Site Reliability Engineering (SRE) is transforming global financial services companies by providing a set of platforms and practices that enable them to deliver more reliable and scalable services to their customers. SRE practices focus on building and operating software systems that are highly reliable, scalable, efficient and reduce likelihood of outages or downtime.
Our client, a Global Investment Bank and Financial Services conglomerate, is present across 160 countries providing payments, cards, cash management, working capital and trade solutions to companies, and governments, and other big institutions. With over $13 trillion in assets under custody, it also integrates the capabilities of markets with a trading floor in more than 80 countries. Since its tech-operations are huge and span several geographies, the company wanted a comprehensive strategy that can simplify monitoring, enable system tracing and fully automate their tech operations.

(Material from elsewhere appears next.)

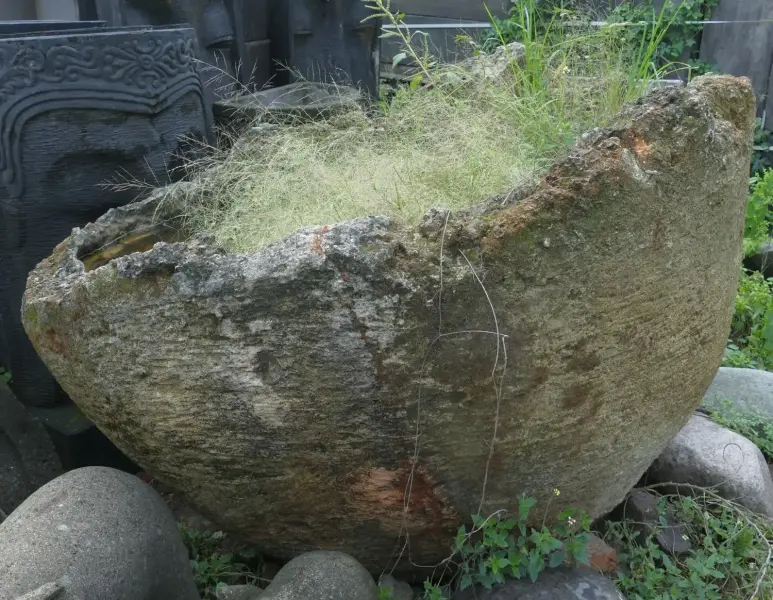Artikelbild 8 des Artikels “Der Islandtopf ist aus Kalkstein gefertigt und stammt von der Küste Indonesiens. Er ist etwa 140 cm hoch und 51 cm tief. “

The end goal was to get real time 360-degree insights on collective view of system’s health, service management activities, product quality index, missed revenue and total cost of ownership.
Challenge
Altimetrik’s SRE Transformation team engaged with the client to help define, deploy scalable site reliability engineering framework, policies, and procedures to modernize their IT operations. In our discovery phase we mapped their current way of working and identified certain challenges impacting their system reliability, such as:
- Scattered dashboards with noisy reactive alerts (~1000 alerts/day).

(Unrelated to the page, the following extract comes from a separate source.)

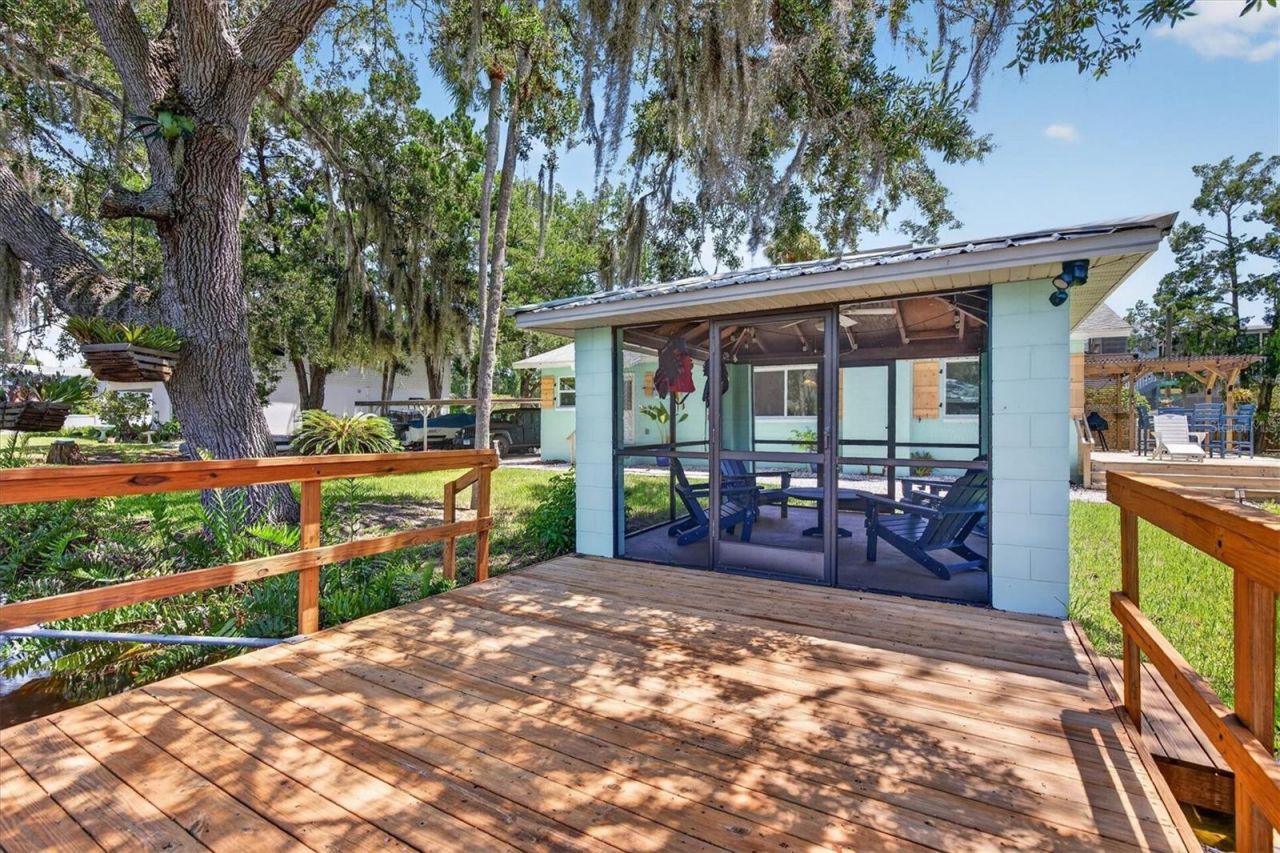6086 Island Drive , Weeki Wachee, FL 34607 Photo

- No end-to-end traceability.
- Tech deliverables were not up to the mark and did not match client’s business priorities.
- Multiple tickets SLA breaches with delayed RCAs.
- Fragmented SRE tool adoption that resulted in high maintenance cost.
Solution
Our team outlined a 12-month transformational roadmap and assisted in adopting SREfoundational services, optimizing observability capabilities and developed an automated suite to provide self-healing capabilities.
1. Cockpit Controller
We developed a self-service automation platform to support critical flow remediation and introduced system throttling to manage event queues and transition of payment methods.
2. ISDMS Integration
Simplified monitoring, and constructed dashboards to capture average request services on active nodes setup of Prometheus and HA Proxy Integration to highlight non-utilized / underutilized nodes.
3. Mission Control
Consolidated monitoring and logging services with single interface providing comprehensive view into live traffic. Also optimized logging and monitoring by distributed tracing to reduce MTTD.
Results
We optimized observability capabilities and developed automated suites to provide self-healing capabilities and reduced their operational toil.
- 1. SLO based alerting.
- Automated service management.
- Eliminated development team overhead in supporting production events.
- Reduced operational and maintenance cost for SRE tools.
- Predictive capacity planning and management.